▶ DATA TO EXAMINE:
▽

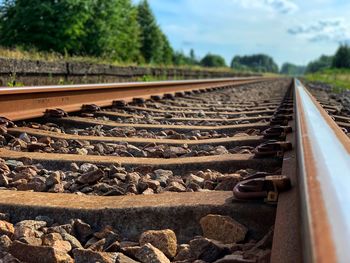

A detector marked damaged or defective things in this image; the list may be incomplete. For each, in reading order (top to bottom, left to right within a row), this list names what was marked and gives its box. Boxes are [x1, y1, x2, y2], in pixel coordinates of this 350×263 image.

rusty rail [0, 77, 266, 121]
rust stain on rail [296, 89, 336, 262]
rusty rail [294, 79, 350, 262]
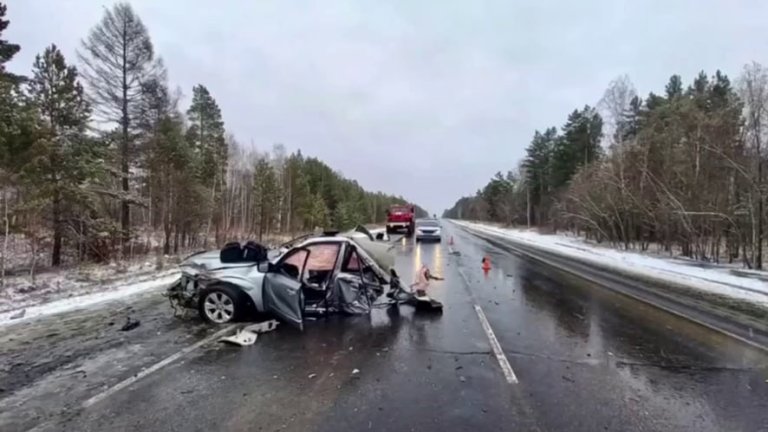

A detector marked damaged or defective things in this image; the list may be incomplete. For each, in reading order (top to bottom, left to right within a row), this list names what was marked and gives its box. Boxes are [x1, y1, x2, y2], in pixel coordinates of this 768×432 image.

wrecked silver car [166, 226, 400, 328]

△

All lines from the one containing "this 768×432 image." through the end of the listing above are to be restated word for word, and no others.

A detector marked damaged or defective things in this image; the list may be incomplete. For each, in reading order (top to bottom, left to right within a row), this list names what was marked and gives its box. Boxes are [x1, y1, x2, y2], in pixel coordinates of this 768×432 image.

wrecked silver car [166, 226, 400, 328]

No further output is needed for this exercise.